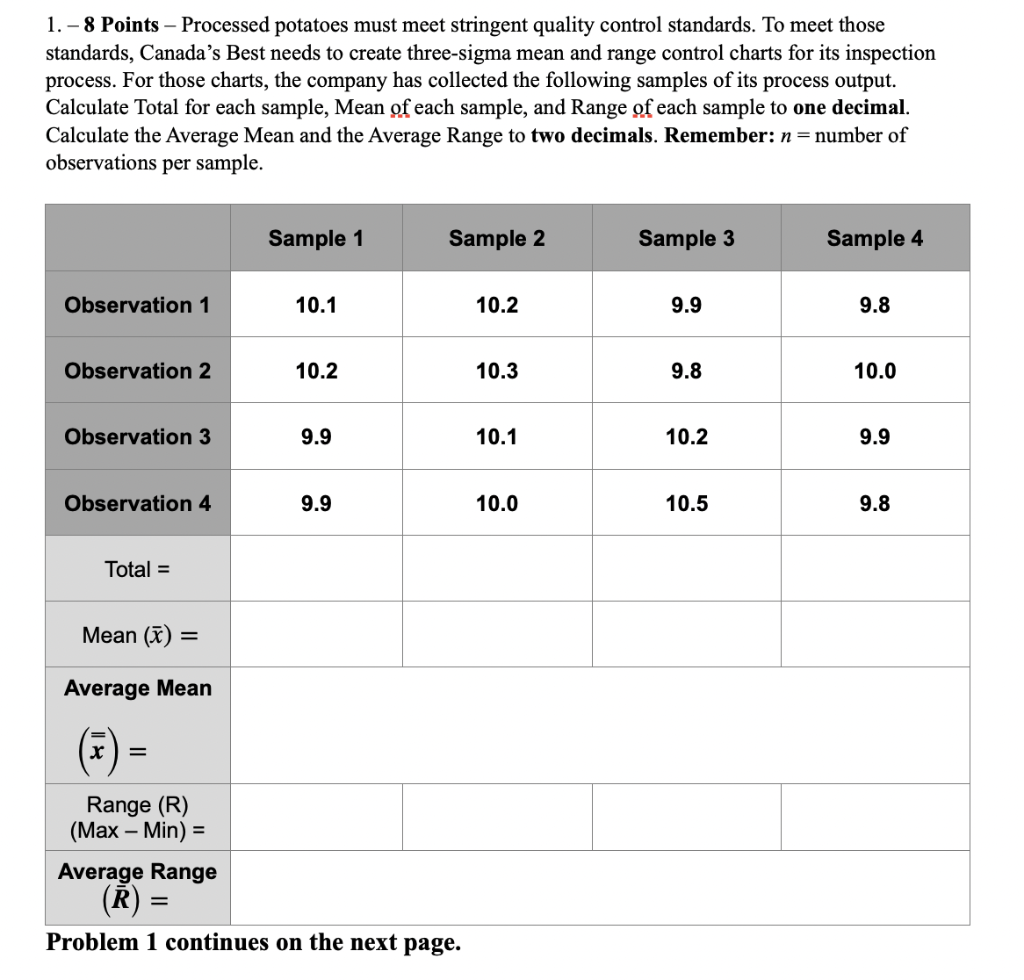 1. - 8 Points - Processed potatoes must meet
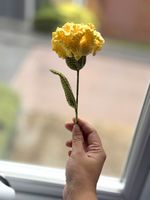 Handmade Crochet Yellow Carnation Artificial Flower Stem/Spray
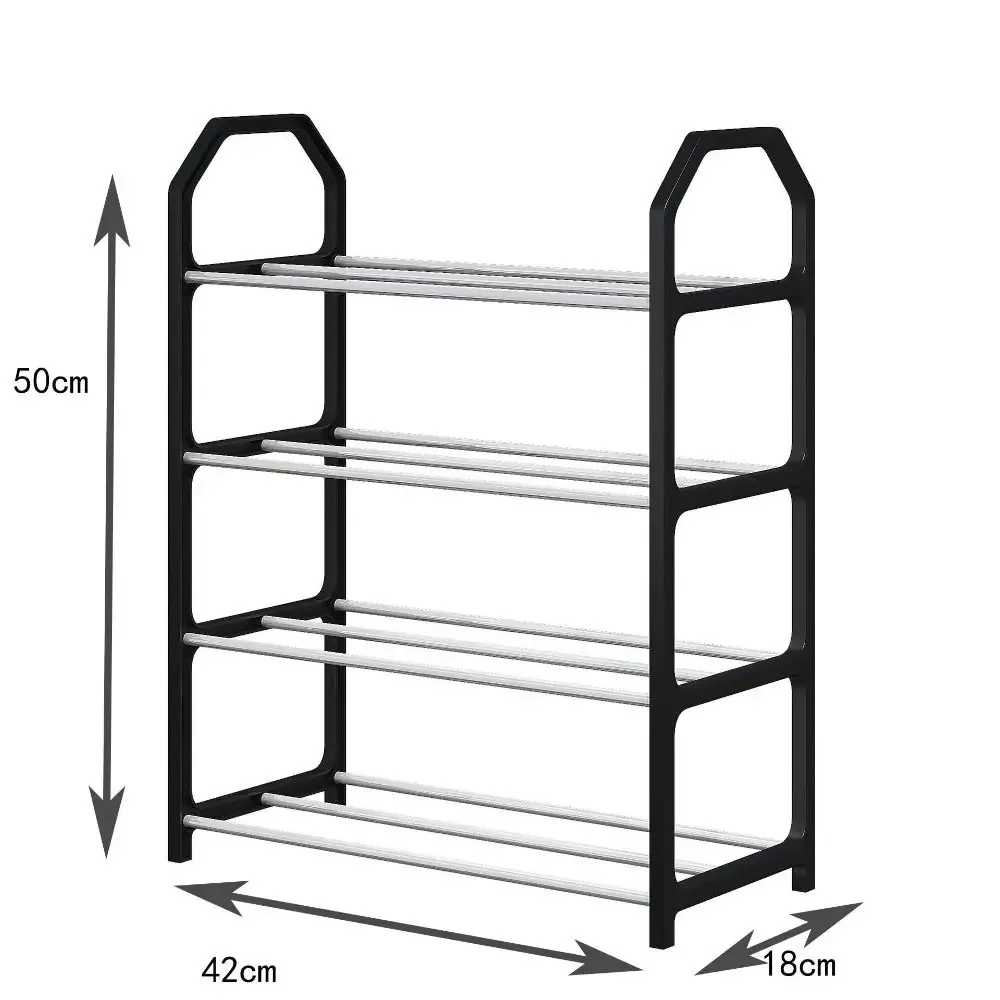 Simple Shoe Rack Metal Shoes Shelf Footwear Shoe Rack Living Room Space Saving Shoes Organizer Stand Holder Black Shelf shoe organizer shoe rack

▶ [Prompt]:
Write out exactly, with no pictures, each line from the one containing "Handmade Crochet Yellow" through the last line of the listing above, both included.

▶ [Response area]:
 Handmade Crochet Yellow Carnation Artificial Flower Stem/Spray
 Simple Shoe Rack Metal Shoes Shelf Footwear Shoe Rack Living Room Space Saving Shoes Organizer Stand Holder Black Shelf shoe organizer shoe rack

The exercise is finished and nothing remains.